Die Vocals auf 14 wurden sehr zurückhaltend bearbeitet, wodurch eine rohe Ehrlichkeit entsteht, die auch dem Rest des Albums entspricht…
Das ist der eine große Unterschied zwischen diesem Album und dem Rest unseres Katalogs. Früher haben wir viel Vocal-Layering gemacht, um alles smoother zu gestalten – das galt auch für die instrumentalen Parts, wo wir noch viele Doppel- und Dreifachspuren hatten und die Produktion einfach viel glatter war. Dieses Album ist mit Absicht sehr zerklüftet und roh. Und sobald die Tracks standen, war es für uns total natürlich, die Vocalbearbeitung ebenfalls in diesem Sinne anzugehen, mit relativ unbearbeiteten, geradlinigen Aufnahmen. Von True Life abgesehen basiert fast das ganze Album auf einzelnen Vocalspuren.
Wie wichtig ist die Philosophie der seriellen Musik für euren musikalischen Prozess, und war das etwas, womit ihr euch eher akademisch oder durch Beobachtung anderer beschäftigt habt?
Mein Interesse an serieller Musik und Mikrotonalität wurde mir augenfällig, als ich mich im Übergang vom letzten Album von Water From Your Eyes befand, Structure. Das war nichts, womit ich mich jemals in einem akademischen Umfeld beschäftigt habe, ich habe aber viel geforscht und habe mir selbst beigebracht, wie man mit Ton-Matrizen arbeitet. Dadurch habe ich zumindest genug gelernt, um meine eigenen seriellen Methoden zu entwickeln und sie auf eine Art einzusetzen, die kreativ inspirierend war.
Ist serielle Musik für dich ein Weg, kreative Blockaden zu überwinden?
Es geht mehr darum, den Schreibprozess in den Hintergrund zu drängen, um ihn eher in etwas Unterbewusstes zu verwandeln als in bewusstes Handeln. Am Anfang von Structure stand die Idee, nicht-kreative Arten des Generierens von Musik zu entdecken. Wenn man Chaos erzeugt und da dann eher in der Rolle eines Redakteurs als eines Musikers versucht, Ordnung reinzubringen, hat man am Ende diese ganzen Einzelbausteine, die man sonst niemals entdeckt hätte. Für Everyone’s Crushed wurden die Samples in Abletons Sampler erstellt, oft getrennt und dann auf zwei Spuren gesplittet, um einen Viertelton-Prozess zu bekommen.
Hat dieser Prozess auch ein mathematisches Element, hinsichtlich darauf, dass man sich der seriellen Musik normalerweise über eine chromatische 12-Ton-Leiter nähert?
Kommt drauf an, was du mit „mathematisch” meinst.
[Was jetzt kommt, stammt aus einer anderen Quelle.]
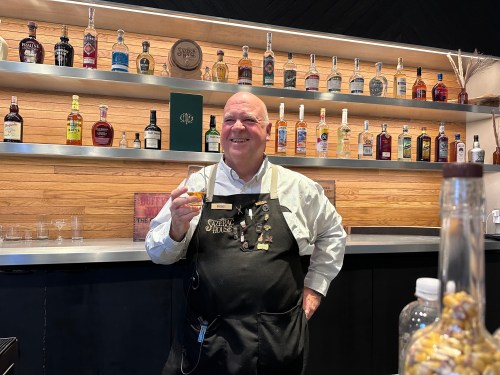 A smiling bartender holds a glass of whiskey, standing in front of a shelf filled with various liquor bottles.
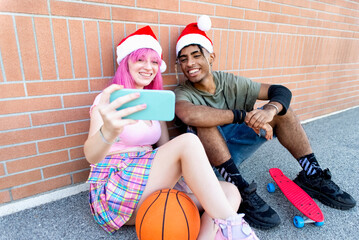 merry christmas! happy diverse couple of friends wearing xmas santa hat making a selfie portrait sitting against a background wall together on winter warm festivities outdoors. summer holidays concept - Powered by Adobe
Das Konzept der chromatischen seriellen Musik, wie ich es verstehe, ist, dass man 12 Noten in einer Reihenfolge hat, in der keine davon wiederholt werden kann, bevor alle Noten gespielt wurden. Wenn wir hier über darüber sprechen, dass in Bezug auf diese Reihenfolge ein Ungleichgewicht in den Pattern besteht, dann nein, ich erstelle in der Regel einfach nur eine große Menge an randomisierten Pattern und warte, dass eines davon spannend klingt. Wenn ich an einer seriellen Komposition arbeite, wird die Serie selbst meistens auf random.org erzeugt, und dieser Teil ist immer zufallsbestimmt. Was nicht dem Zufall obliegt, ist die gewählte Tonart.
Kannst du ein Beispiel für einen seriellen Ansatz auf speziellen Tracks des Albums geben?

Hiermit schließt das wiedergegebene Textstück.